But we've reached a fresh benchmark here, this gap between the top tenth and the lower third, when one man, one individual -- not one corporation, mind you -- has the potential to wreck havoc on a state's finances simply by moving out of state and with it taking his income tax payments. Meet David Tepper, hedge fund maestro of Appaloosa Management. Never heard of him? He'd probably prefer it that way -- the new barons of our financial age love to lay low unless a business school is being named after them. But when your net worth of $10.4 billion is the size of Armenia's GDP and could plug Alberta Canada's deficit with a few billion left over, it's kind of hard to sometimes.

One of these times is now when word is out that Tepper moved his residency out of NJ, his home of two decades, to Florida. It's not known whether he moved because of NJ's high tax rate -- it's 8.97% for the top rate -- or family concerns or just the need for more sunshine in his middle years. Regardless, the loss of his income tax is worrying lawmakers in Trenton because it might leave a gap in the budget of about $140 million -- the amount of taxes that Tepper was estimated to have paid one year on several billion dollars of earnings.

States, like NJ, Connecticut, New York and California have become super-dependent on the super-wealthy. It's the top tenth of the top 1% who continue to see the fastest income gains in the first place. It's such a small group to suddenly find yourself relying on for public aid and healthcare, our 'justice' system, our roads, education, and rebuilding infrastructure so lead doesn't leach from old school pipes into drinking water for children. It's also a notoriously self-interested group, too, with its masters-of-the-universe willful plowing ahead through life; all the offshoring,  calculated charitable donations, and facility to strategise every decision based on profit-loss equations.
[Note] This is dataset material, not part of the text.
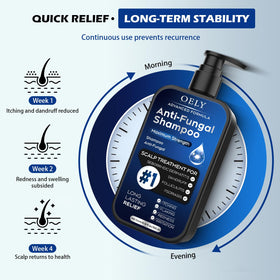 oely Antifungal Shampoo 345g on a bathroom shelf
Tepper made his billions by buying 'distressed assets', code for businesses and companies that had hit hard times, and then selling them later at a profit. He did this in 2009, buying bank stocks for cheap after the subprime mortgage lending bubble blew up and pushed banks near the brink. That trade alone made him $7 billion, made possible through government bailout funds. Maybe Tepper and others can apply distressed investing to other assets, the human kind, and realize the pay-off can come in lots of ways that help everyone. That quote "with great wealth comes great responsibility" was never truer than today when one man moves and a state wonders how it might pay its bills.